Далее на полутора страничках, благодаря вспоминаемым по строфам чудесным стихам, воспроизводится история любви со всеми ключевыми мотивами: встреча, порыв страсти, бытовые и исторические детали (прозрачное от голода лицо, зеленые вагоны на Курском вокзале) – и караулящая за занавеской судьба.
«Придя в себя, она вскакивала, зажигала спиртовку, подогревала жидкий чай, и мы запивали им белый хлеб с сыром в красной шкурке, без конца говоря о нашем будущем, чувствуя, как несет из-под занавески свежим холодом, слушая, как сыплет в окно снегом…»

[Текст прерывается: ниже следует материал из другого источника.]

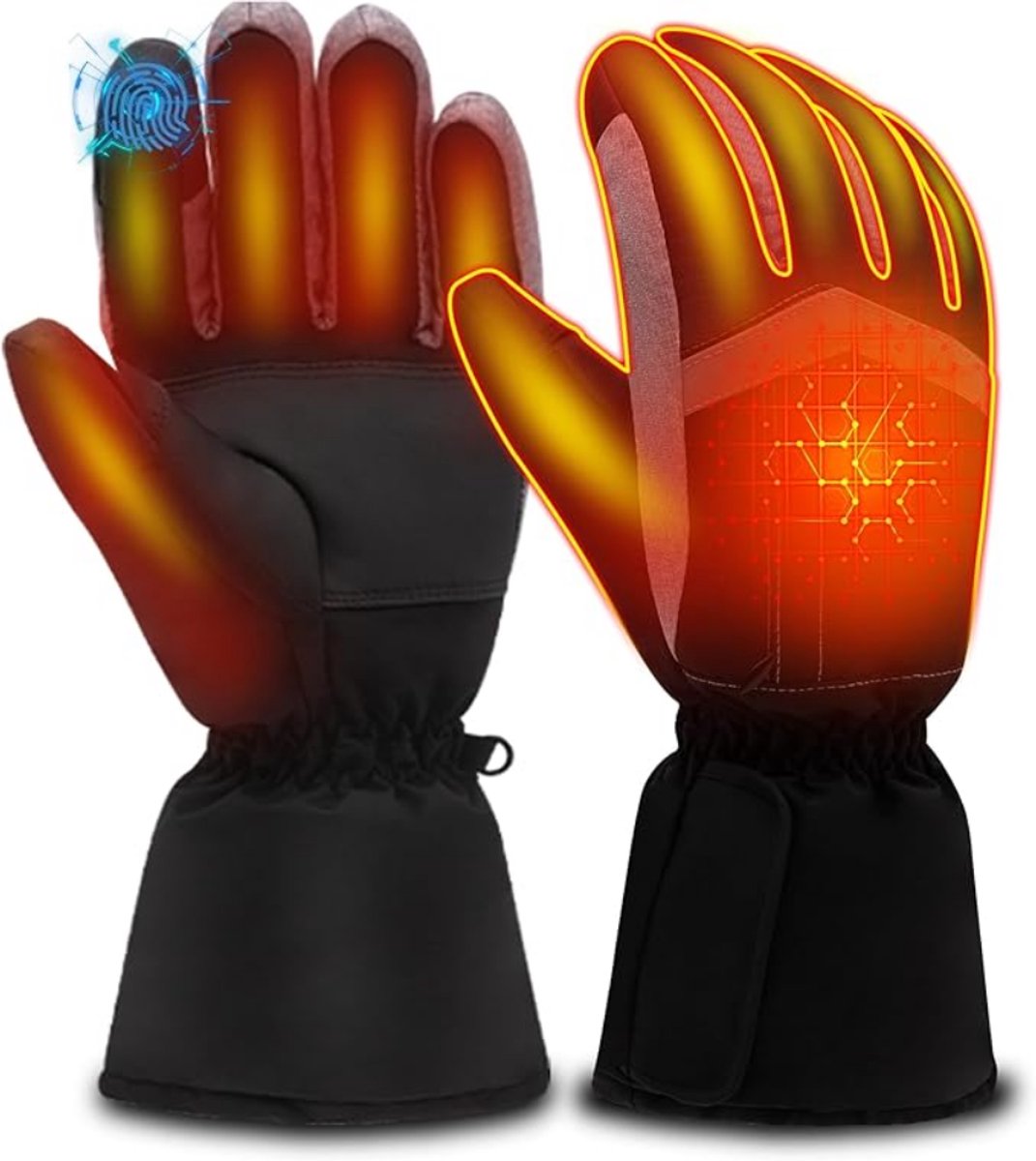 DYVNS® Handschoenen met Verwarming - Elektrisch Verwarmde Winterhandschoenen - Batterij - Touchscreen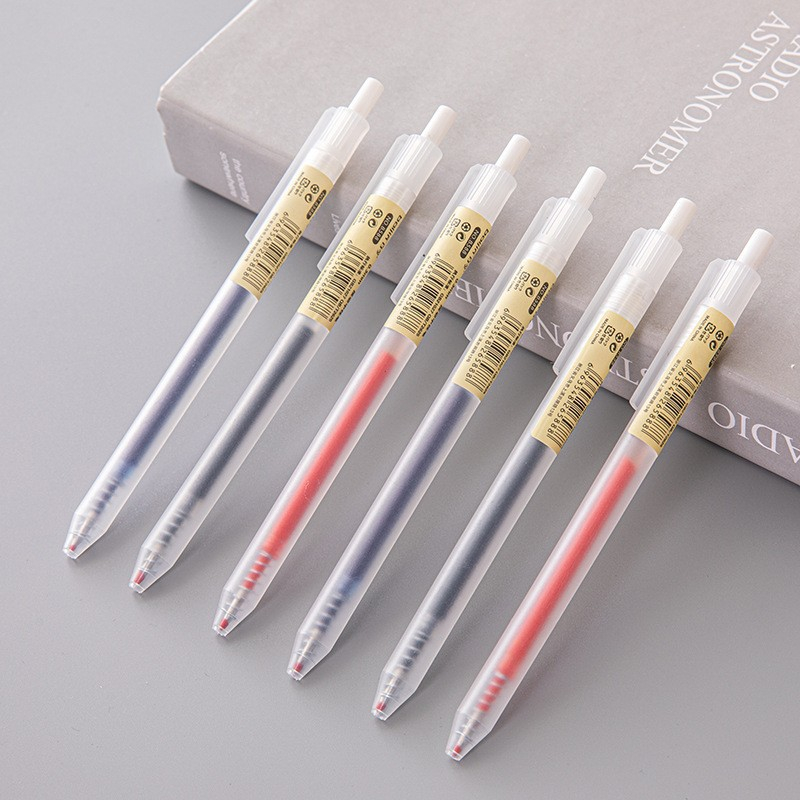 Office Stationery Supply Business - 6/10Pcs 0,5mm Einziehbare Gel Stifte Set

Финальная точка рассказа – расставание на вокзале. «Помню, как… мы говорили, прощались и целовали друг другу руки, как я обещал ей приехать через две недели в Серпухов… Больше ничего не помню. Ничего больше и не было».
Между той Москвой и ночью на парижском бульваре была, очевидно, целая жизнь (война? революция? изгнание?). Но на невидимых весах памяти всё перевешивают эти свидания и эти стихи.
Так и героиня «Холодной осени», подводя итоги, в безрадостной Ницце вспомнит тридцатилетней давности последнее свидание, прогулку по саду под чистыми ледяными звездами с любимым, через месяц убитым в Галиции. «Но, вспоминая все то, что я пережила с тех пор, всегда спрашиваю себя: да, а что же все-таки было в моей жизни? И отвечаю себе: только тот холодный осенний вечер. Ужели он был когда-то? Все-таки был. И это все, что было в моей жизни, – остальное ненужный сон».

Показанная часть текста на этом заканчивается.